I'm trying to speed up some code that calls an api_caller(), which is a generator that you can iterate over to get results.
My synchronous code looks something like this:
def process_comment_tree(p):
    # time consuming breadth first search that makes another api call...
    return
def process_post(p):
    process_comment_tree(p)
def process_posts(kw):
    for p in api_caller(query=kw): #possibly 1000s of results
        process_post(p)
    
def process_kws(kws):
    for kw in kws:
        process_posts(kw)
process_kws(kws=['python', 'threads', 'music'])
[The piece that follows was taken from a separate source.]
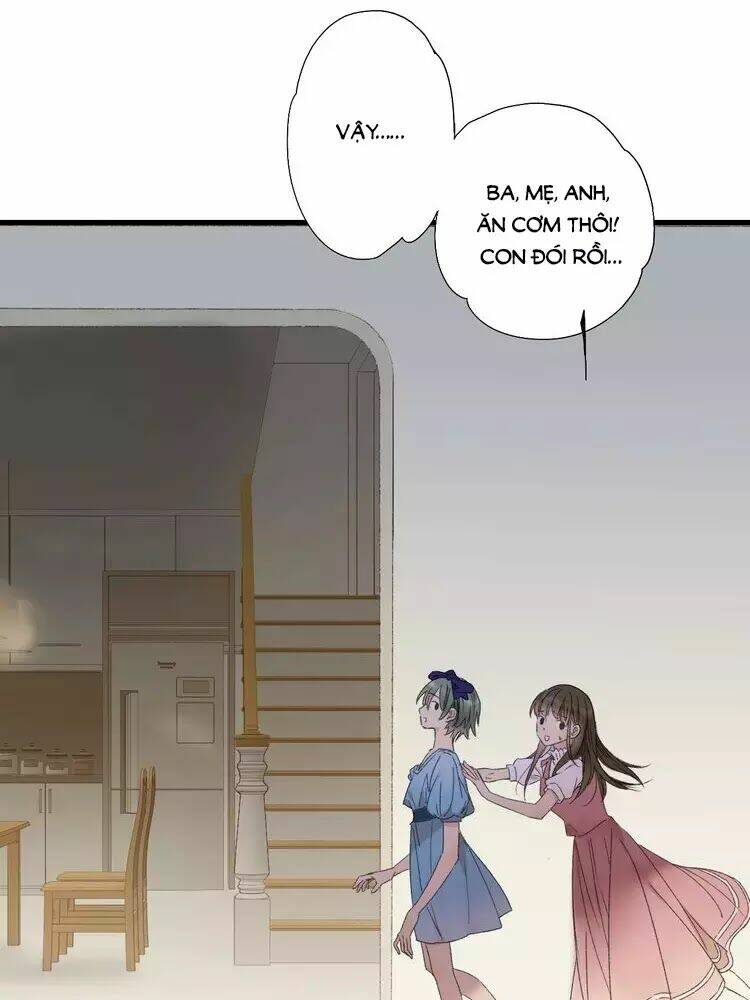 lệnh cấm nghị tộc 2 ẩn diện trấn chapter 61 10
When I run this code on a long list of kws, it takes around 18 minutes to complete.
When I use threads:
with concurrent.futures.ThreadPoolExecutor(max_workers=len(KWS)) as pool:
    for result in pool.map(process_posts, ['python', 'threads', 'music']):
        print(f'result: {result}')
the code completes in around 3 minutes.
Now, I'm trying to use Trio for the first time, but I'm having trouble.
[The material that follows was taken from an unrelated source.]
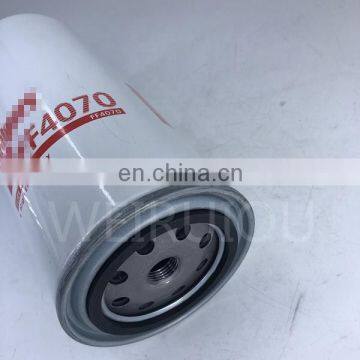 Truck Fuel Filter Element FF4070 photo-3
async def process_comment_tree(p):
    # same as before...
    return
async def process_post(p):
    await process_comment_tree(p)
async def process_posts(kw):
    async with trio.open_nursery() as nursery:
        for p in r.api.search_submissions(query=kw)
            nursery.start_soon(process_post, p)
    
async def process_kws(kws):
    async with trio.open_nursery() as nursery:
        for kw in kws:
            nursery.start_soon(process_posts, kw)
trio.run(process_kws, ['python', 'threads', 'music'])
This still takes around 18 minutes to execute. Am I doing something wrong here, or is something like trio/async not appropriate for my problem setup?